Nau mai, haere mai, welcome to eyeCONTACT, a forum built to encourage art reviews and critical discussion about the visual culture of Aotearoa New Zealand. I'm John Hurrell its editor, a New Zealand writer, artist and curator. While Creative New Zealand and other supporters are generously paying me and other contributors to review exhibitions over the following year, all expressed opinions are entirely our own.

Thursday, August 7, 2008

Hide and seek

I close my eyes and count to ten
Selina Foote
A Centre For Art, Achilles House
30 July – 17 August 2007

Selina Foote’s paintings at first take appear to be interested in kitsch or sentimental subject matter, a distant cousin of say the paintings of Robin Neate or Saskia Leek. That impression is mistaken for the work really is about the processes of obscuring and revealing, covering and exposing. The depicted subject matter itself is not that crucial.

Foote’s painterly, not over-finished images are characterised by a soft palette where the chroma has a greyish tinge. Saturation is skilfully muted and kept under control. No intense colouration leaps out at you.

Harriet Wild, in a natty little essay positioned on the wall of the corridor outside the ACFA entrance, talks about Foote’s five small canvases as demonstrating a symbiotic relationship between realism and abstraction. However symbiosis is a partnership between equals and in Foote’s work, realism dominates. The oblique geometrical components seem tangential to something else.
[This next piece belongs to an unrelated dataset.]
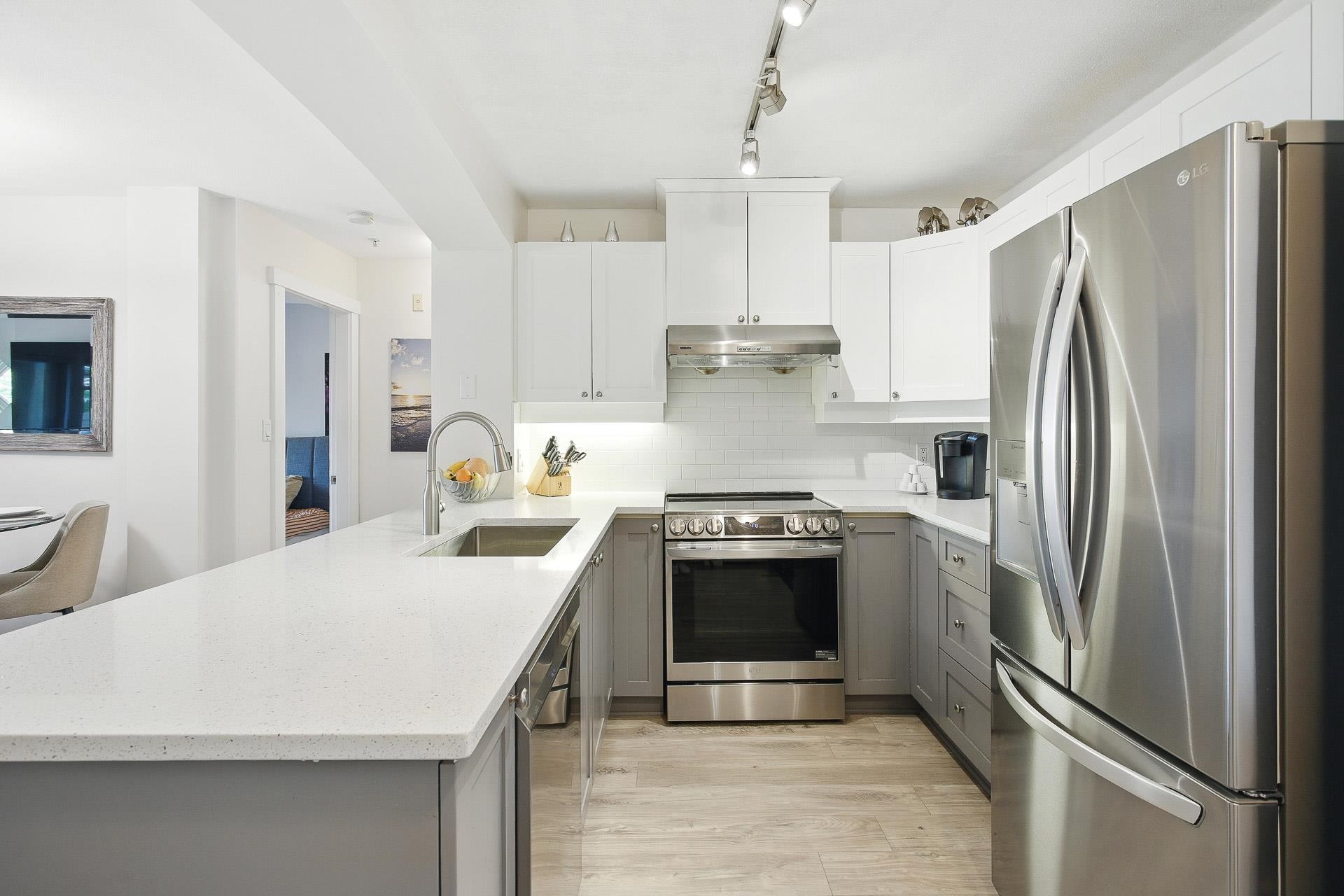 102 1438 PARKWAY BOULEVARD Unit: 102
One painting shows a demonstration at a karate tournament where one competitor with a high kick smashes a solid panel held by two men. The bottom sixth of the image is obscured by a semi-opaque triangle blocking out details of the scene. Another of a Christmas tree has two large triangles covering portions of the image on both sides. One other work, a portrait, is partially covered by flat, pale, mauve twigs sprouting all over its lower and peripheral facial features.
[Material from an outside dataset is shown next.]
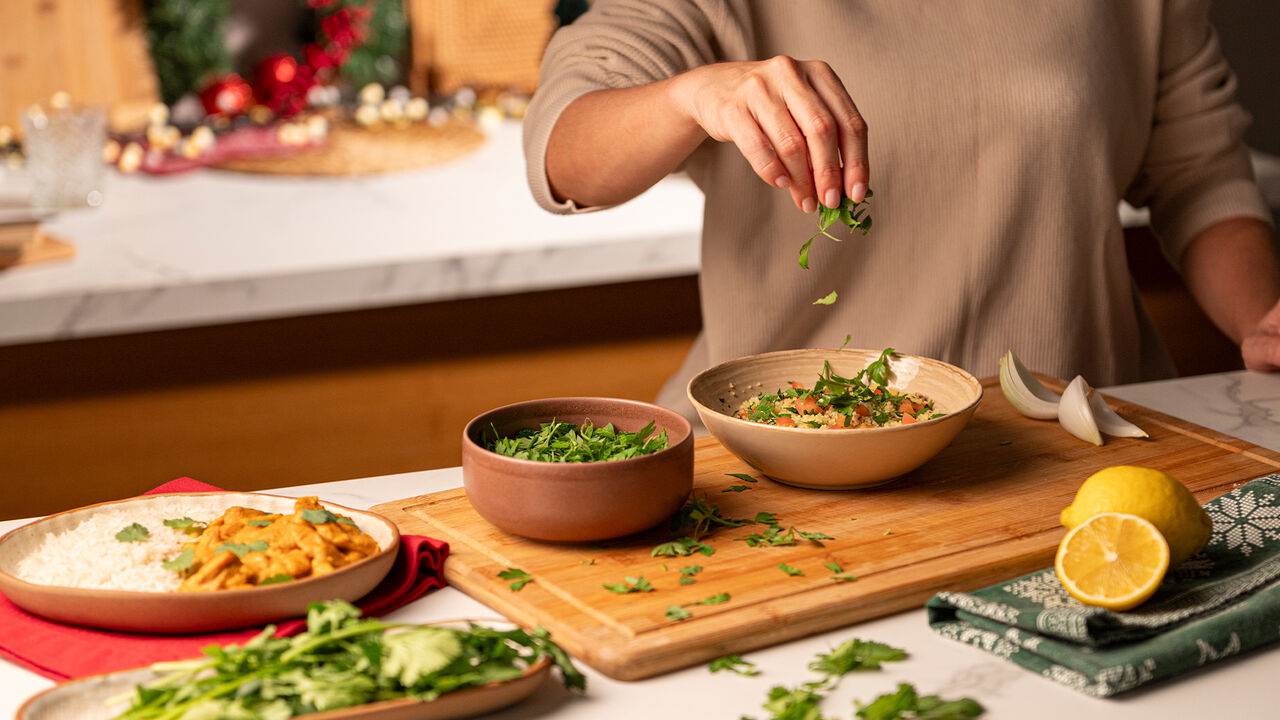 Ervas aromáticas dão um toque especial à receita e levantam a questão: frescas ou secas?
Two others, Monster and Santa, use attrition. They feature a sanding off some of the pigment surface, a picking away of selected encrustations of paint, or hiding large areas of the body or face behind dry-brushed, dappled leaves or mottled sandy textures. These ‘subtractive’ works are not abstract but surreal and suggestive. And disturbingly nightmarish. Creepy little paintings that initially seem sweet but which hint at deformity. A bit like very early Francus Bacon they are far superior to the ones with overlaid geometry, and show Foote to be a skilled image maker. Someone to watch.